Тихо подошла Алчадай, точно виноватая кошка. То ли из любопытства, то ли вспомнила о долге добрососедства и решила помочь, то ли захотела удовлетворить чувство мести и своими глазами увидеть несчастье, постигшее семью Буюркан. Заметила, что палатка с ягнятами уже покосилась набок. Поймала блеявшего ягненка, которого уносил поток, и отнесла его в юрту. И теперь стояла, не зная, как рассказать об этом Буюркан.
Буюркан прикинулась, будто не замечает соседку. Побежала за камнем, нарочно толкнула ее: рассердилась, что Алчадай смотрит на беду и не помогает.
— Кто это здесь торчит как голодный дух! Собака ли, человек ли, что это?
— Я, Алчадай!
— Не говори, что Алчадай! Лучше бы сказала, дух, привидение! Чего стоишь, путаешься под ногами! Или уходи с дороги, или помогай! Возьми вот те одеяла, что принесла Керез, и бросай на запруду!
Одеяла показались Алчадай новыми. Ее огрубелые руки обрадовались, коснувшись шелковистой ткани.
— Тетушка, разве не жалко вам, ведь атласные?.. — не решаясь бросать, спросила Алчадай.
— Разве не видишь, поток грозит снести палатку? Ну-ка, дай сюда! Одеяло… атлас… шелк… тряпки!

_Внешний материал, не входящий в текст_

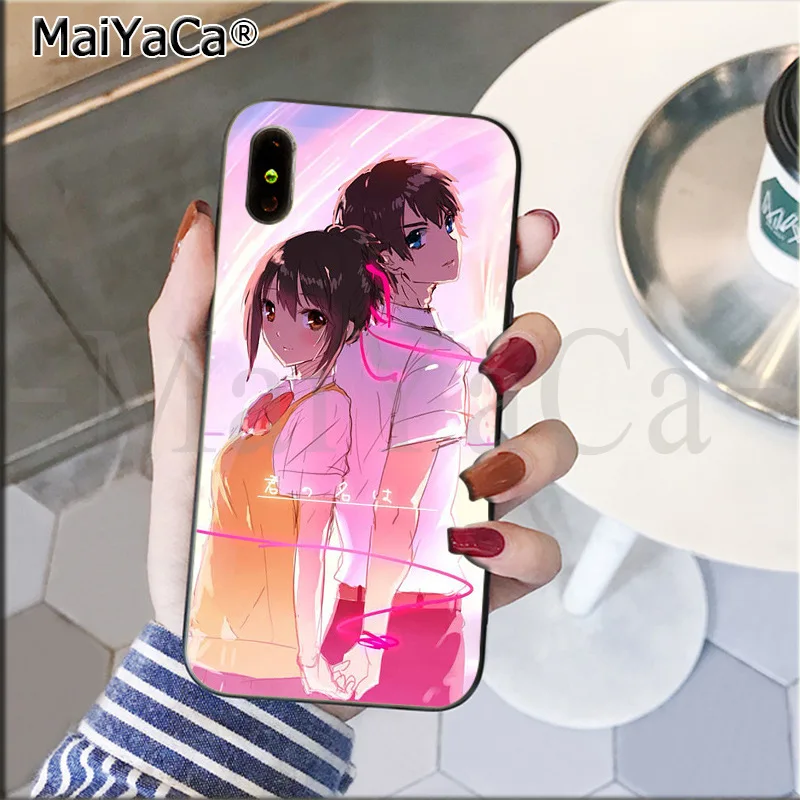 8 Maiyaca, японское аниме ваше имя Kimi no Na wa красочный умный чехол для телефона для iPhone 8 7 6 6S Plus 5 5S SE XR X XS MAX - Цвет: 8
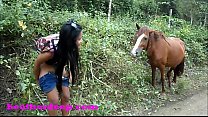 (HEATHERDEEP.COM) Heather Deep 4 wheeling on scary fast quad and Peeing next to in the jungle youtube version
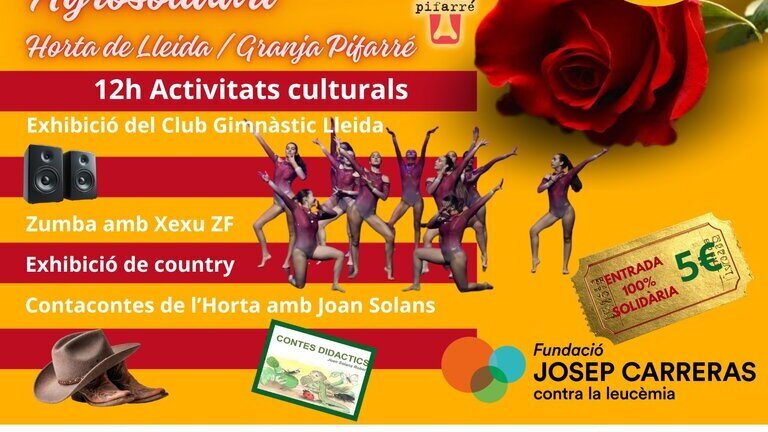 Sant Jordi Solidari a l'Horta de Lleida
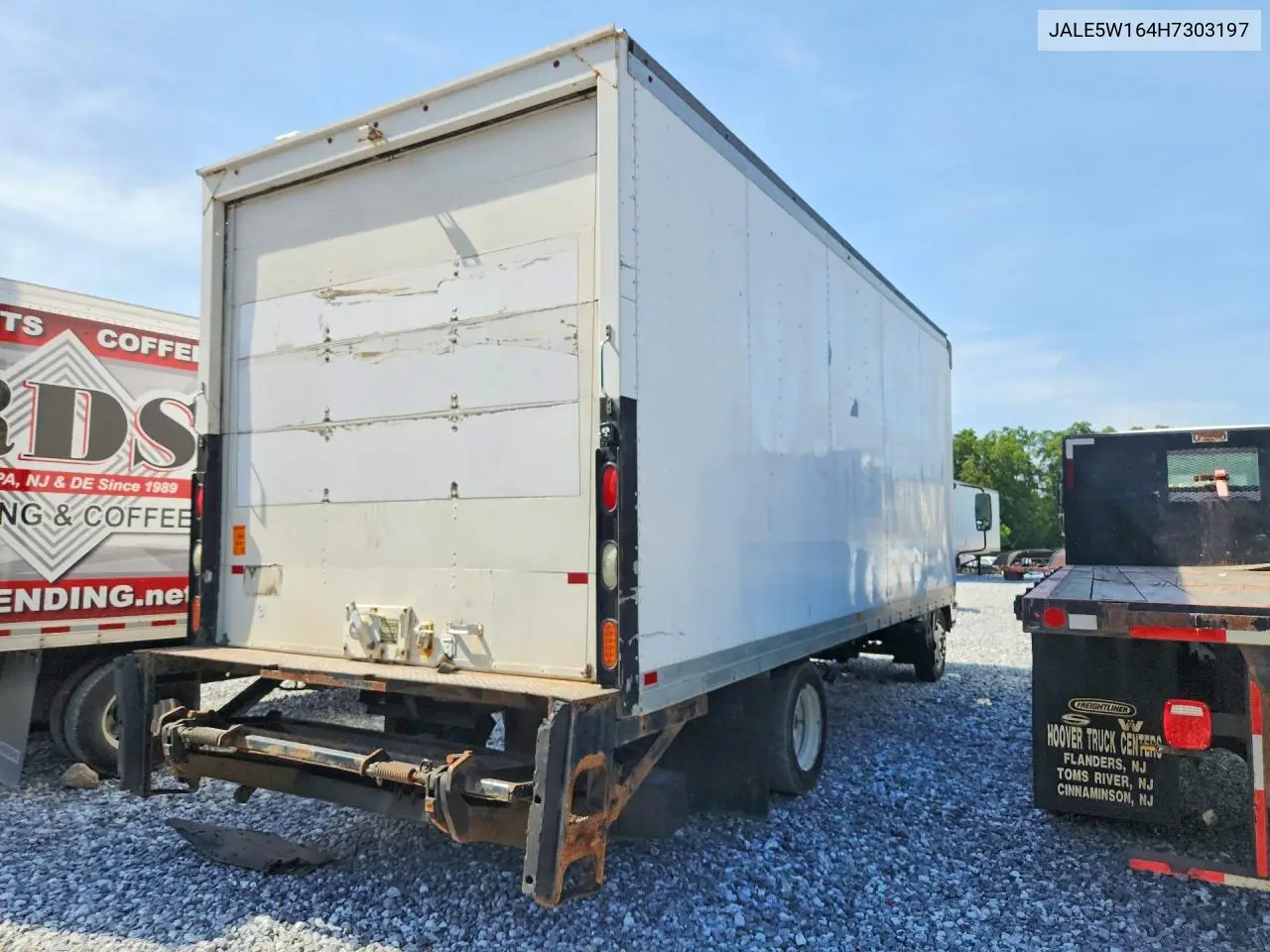 2017 Isuzu Nrr Box Truck VIN: JALE5W164H7303197 Lot: 55517846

Бросай вот так! Быть рабом одеял… рабом одежды… — Буюркан побросала одеяла в поток, а Бедел начал быстро заваливать одеяла, постель и кошмы камнями.
Когда бросали очередную вещь, сердце Алчадай содрогалось от жалости. Беделу же как будто нравилась решительность Буюркан — не моргнув глазом, исполнял ее распоряжения. Керез, хоть и переживала, и нервничала, но, подчиняясь матери, не подавала виду, что жалеет вещи, делала все, что ей говорят.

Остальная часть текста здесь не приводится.